All of this discourages young people from entering the field. Cash-strapped universities are curtailing or axing paleontology courses, says Ashok Sahni, of Panjab University in Chandigarh, a leading figure in Indian paleontology. Sahni, best known for his finds of dinosaur nesting sites in Jabalpur and insects trapped in amber in Vastan, in Gujarat state, says he has watched waves of colleagues retire—with few young talents stepping in to replace them. "There is no critical mass of researchers left," he says. "Indian paleontology is dying."

..and Sreelatha Menon in The Wire writes about the problems in palaeontology, and more broadly, geology education:

“In well known centres of paleontological teaching and research, such as BHU, Lucknow University, Panjab University, Jadavpur University, etc., the number of palaeontologists has gone down drastically and new, prestigious educational institutions like the IISERs are not showing much interest in hiring palaeontologists,” Prasad said (IISERs: Indian Institutes of Science Education and Research). “So the country has very few palaeontologists working on large invertebrate fossils at present.”
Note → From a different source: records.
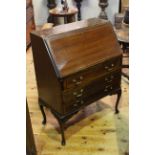 Edwardian mahogany and line inlaid three drawer bureau on cabriole legs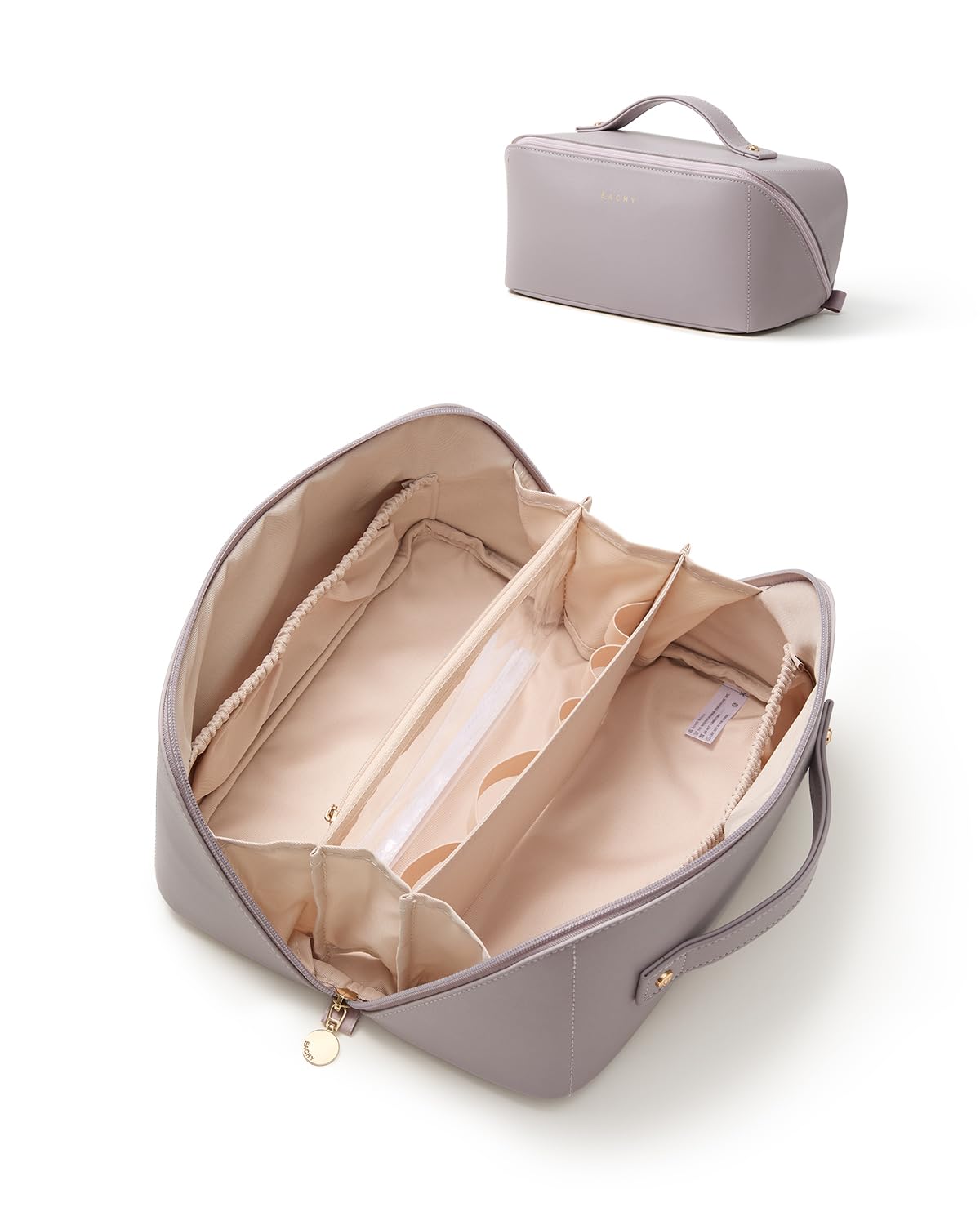 EACHY front view purple travel makeup bag showing neat profile and zipper benefit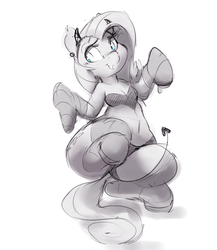 Size: 1300x1500 | Tagged: safe, artist:mtcerber, fluttershy, semi-anthro, g4, blushing, clothes, costume, devil costume, female, grayscale, monochrome, sketch, socks, solo, wide hips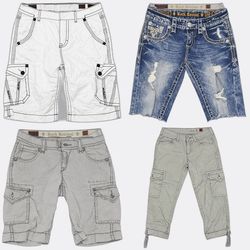 Rock Revival Cargo Shorts and Denim Shorts WR-2852..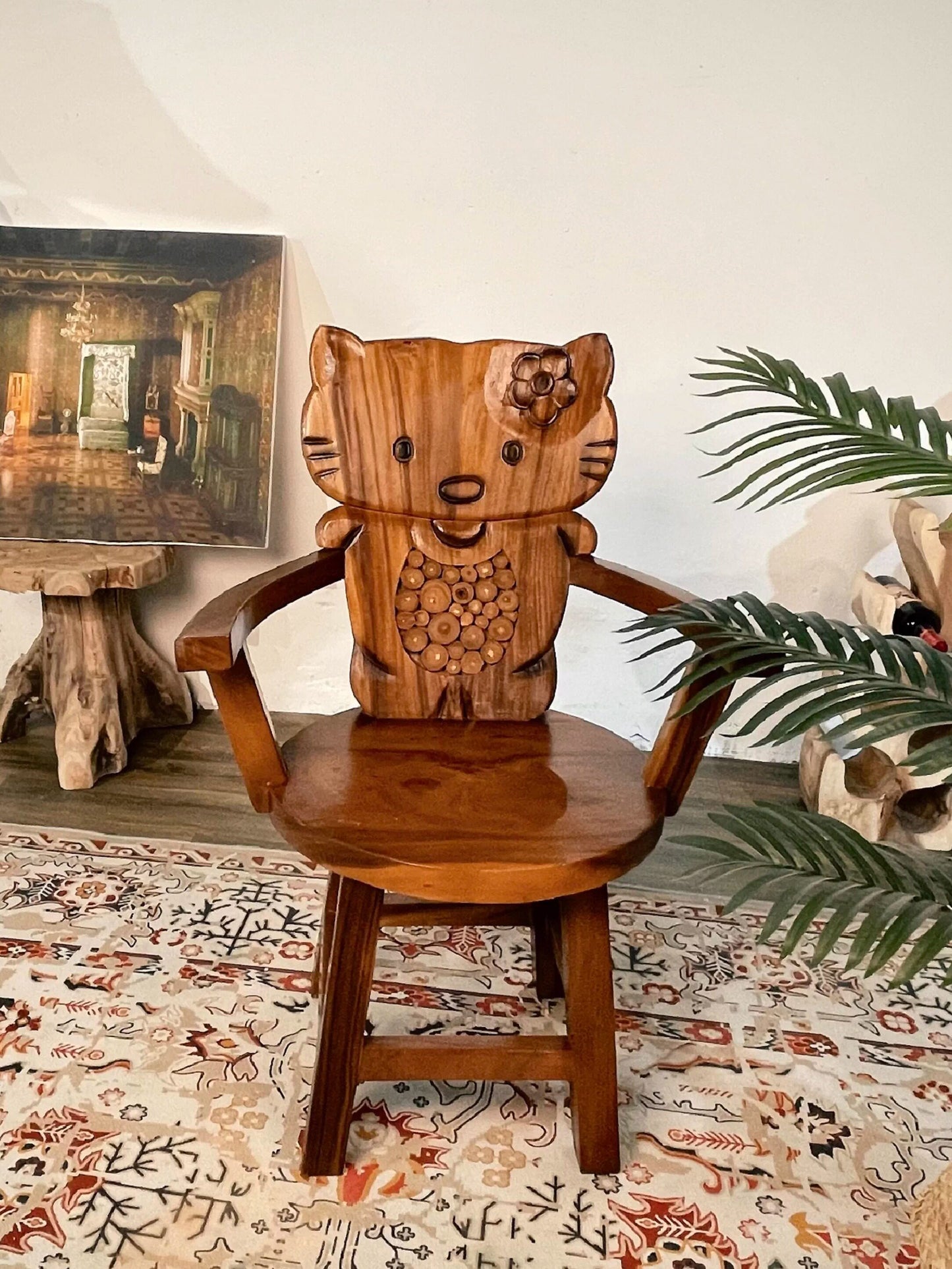 Solid Wood Cat Armchair with Carved Backrest, Walnut Brown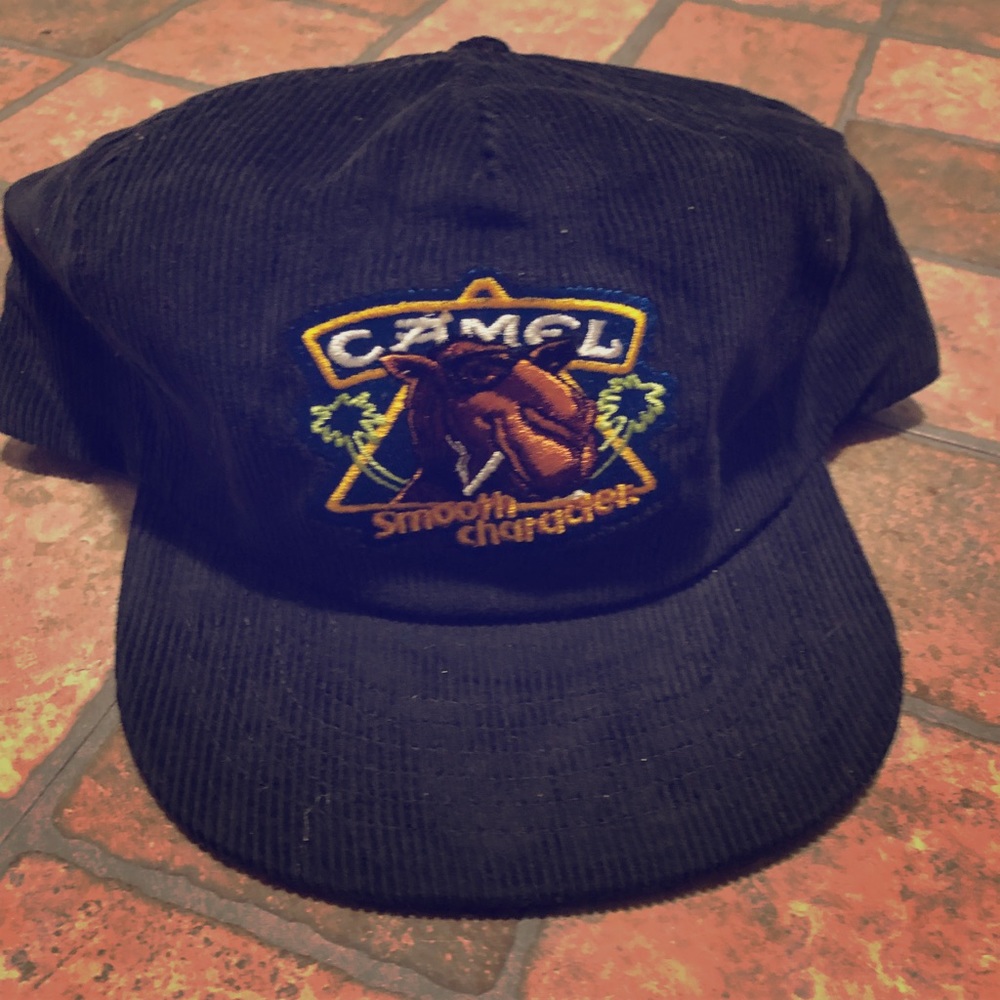 Vintage joe camel corduroy snap back hat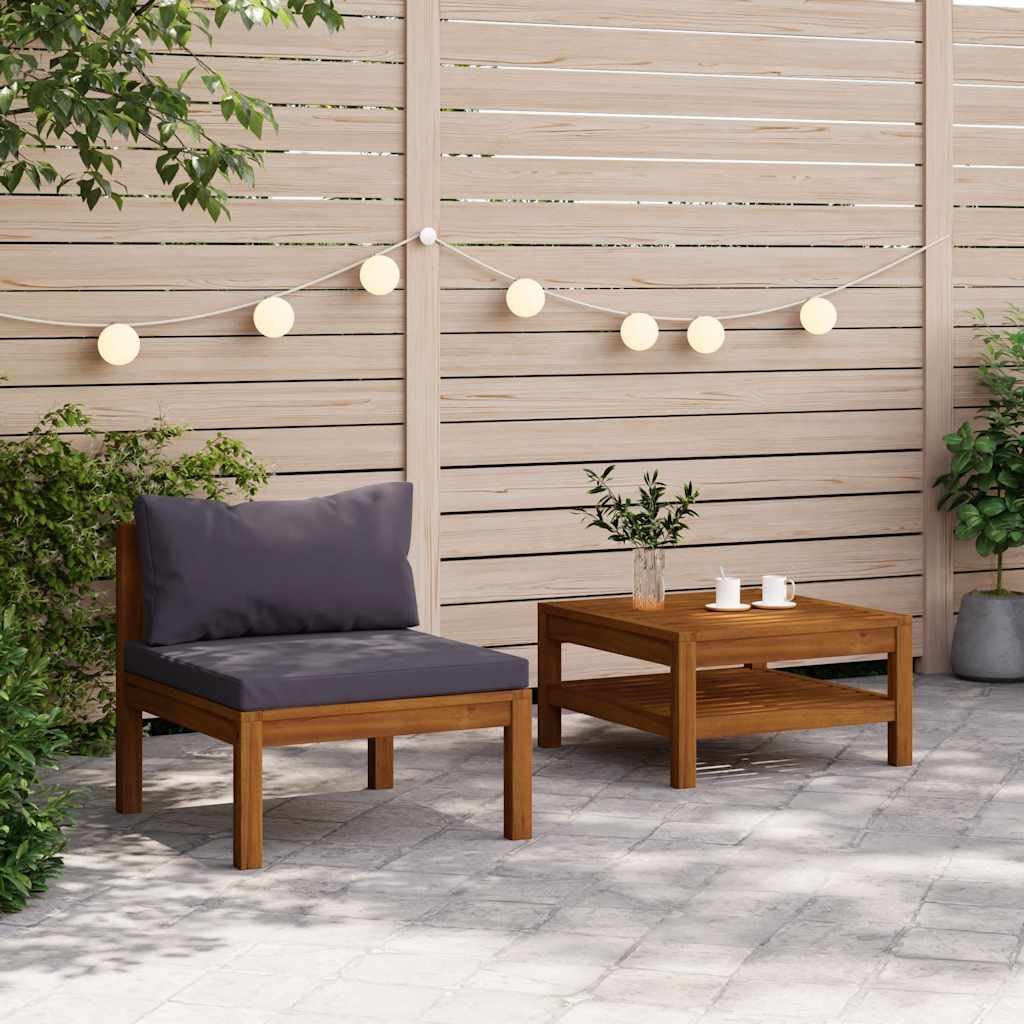 Conj. sofás de jardim 2 pcs c/ almofadões cinza-escuro acácia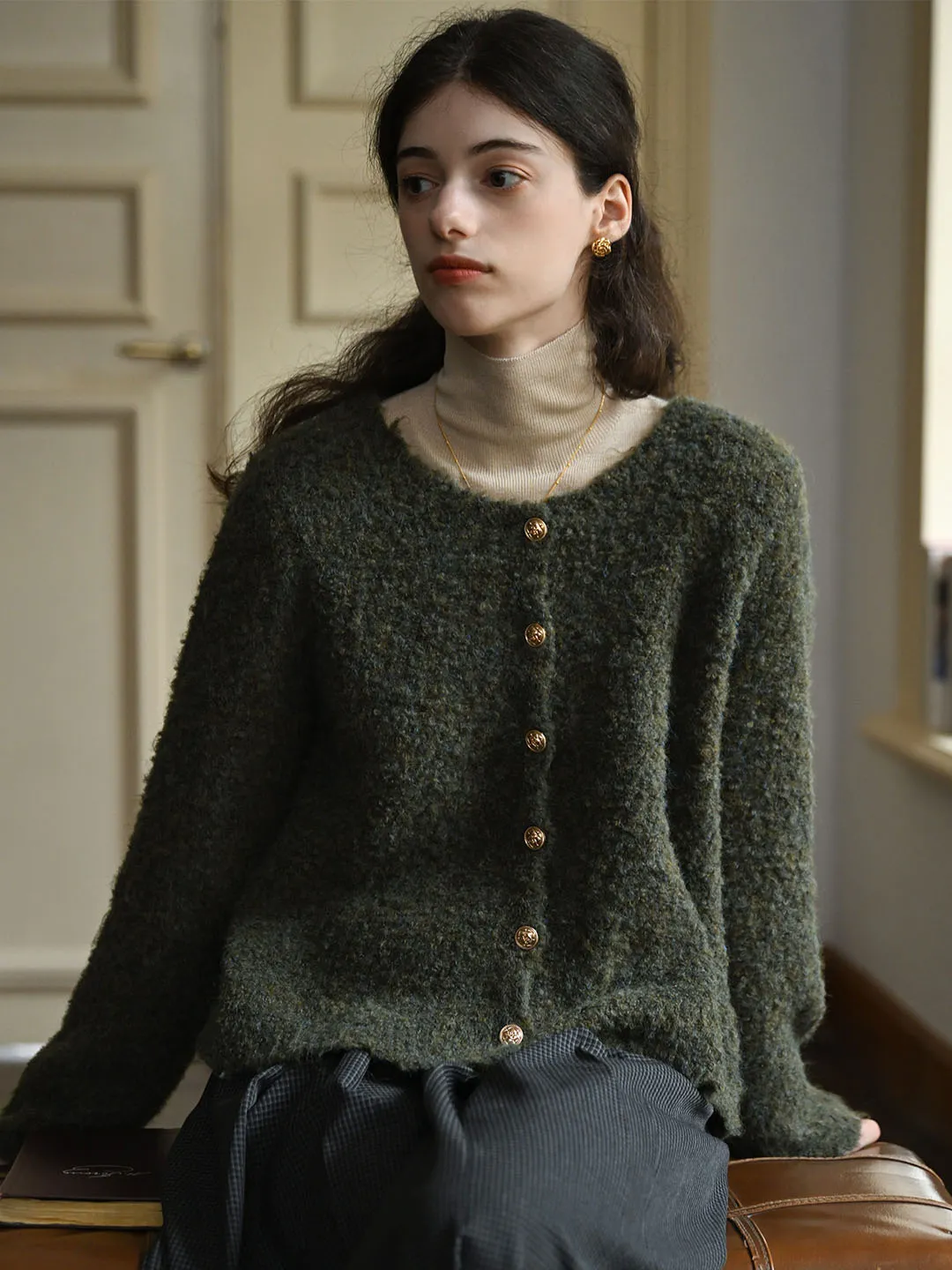 Wrinkle Resistant Textile ??Final Sale??Stella Crew Neck Solid Button Front Cardigan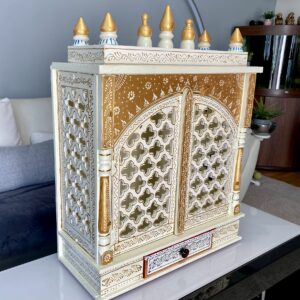 Ivory Wooden Pooja Mandir with Jali Doors and Drawer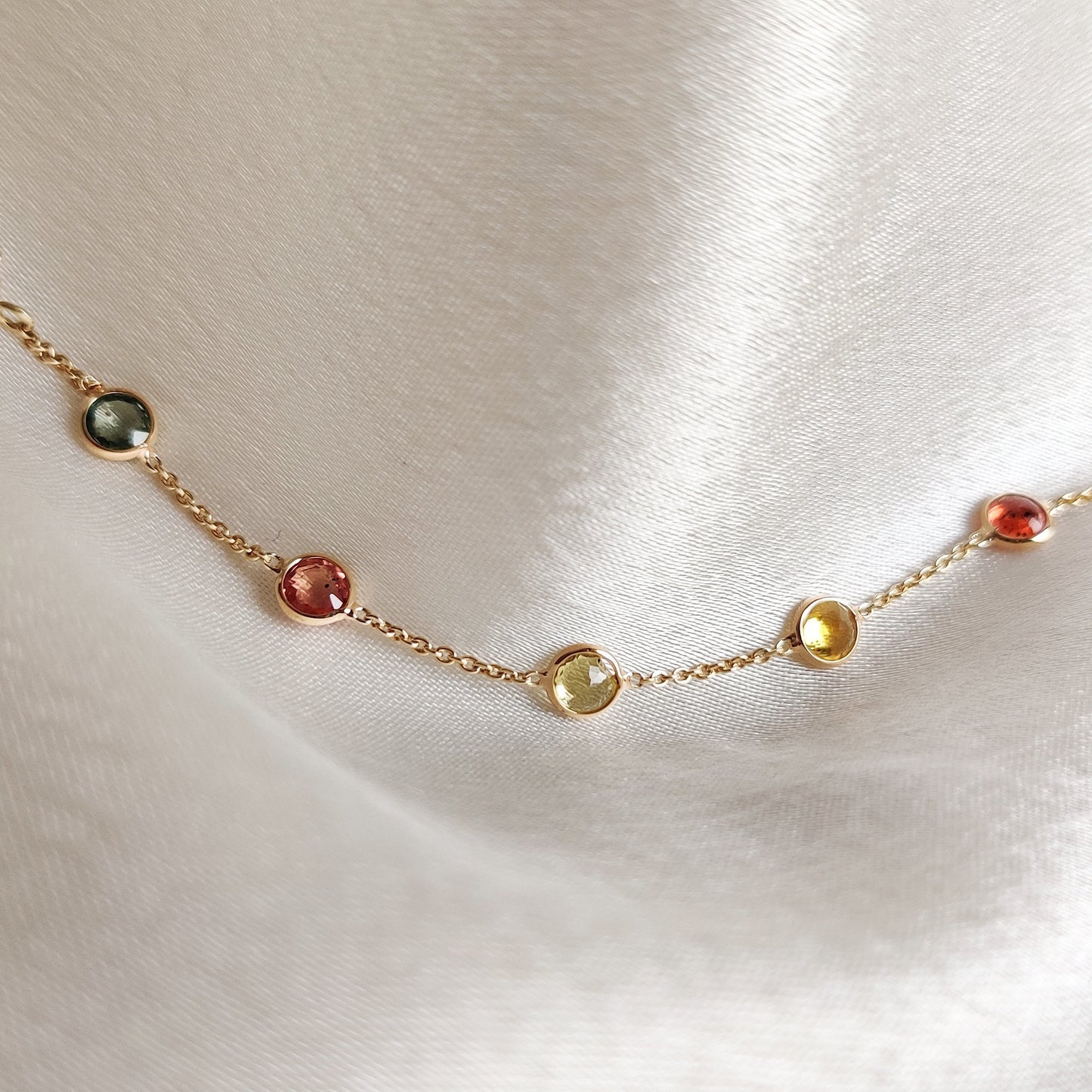 Natural Multi Sapphire Bracelet, 14K Solid Gold Multi Sapphire Bracelet, Dainty Sapphire Bezel Bracelet, September Birthstone Bracelet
Pratul Saraswati, a micropalaeontologist in the department of earth sciences, IIT Bombay, thinks it’s not about people not being interested in palaeontology. “If you ask me to name some micropalaeontologists other than myself, I won’t be able to give you more than five names. If you ask Prof Sahni to name some vertebrate palaeontologists, he won’t be able to name more than three or four.”

“The problem is with geology departments as a whole across the country. Except in the IITs and central universities, just one or two faculties teach all the subjects coming under geology – and that includes palaeontology,” Saraswati said. “There is no faculty for geology across India. So it is not just palaeontology but all the subjects coming under geology that are taking a beating.”

At the IITs, every subject is taught by a specialist – which is good because, according to Saraswati, “It is difficult for a non-specialist to teach palaeontology.” But in the other universities, “One or two teaching all the subjects in geology is fine till graduation. For post-graduation and research,” that will not be enough.

A couple of weeks ago I visited the Dept. of Geology at Sinhagad College of Science in Pune. One of the faculty there is working on the sequence stratigraphy of the Cretaceous deposits of the Cauvery Basin in Tamil Nadu, South India. She mentioned that many of the famous outcrops and fossil sites are being destroyed as farmlands and small villages and towns expand. This story is repeated elsewhere across India.

That really struck me hard. During my undergraduate years I had visited that area on a field trip. I saw and collected ammonoids, echnoids, molluscs, corals and plant fossils in the field and had come back with a finer appreciation of the stratigraphic and sedimentologic context in which fossils are entombed and preserved. In retrospect, we should not have collected so many fossils. But in those days we weren't taught, and neither did we introspect, about ethical issues regarding fossil collection and outcrop integrity.

India's natural history must be given more importance. It will be a real tragedy if these localities are lost to future generations.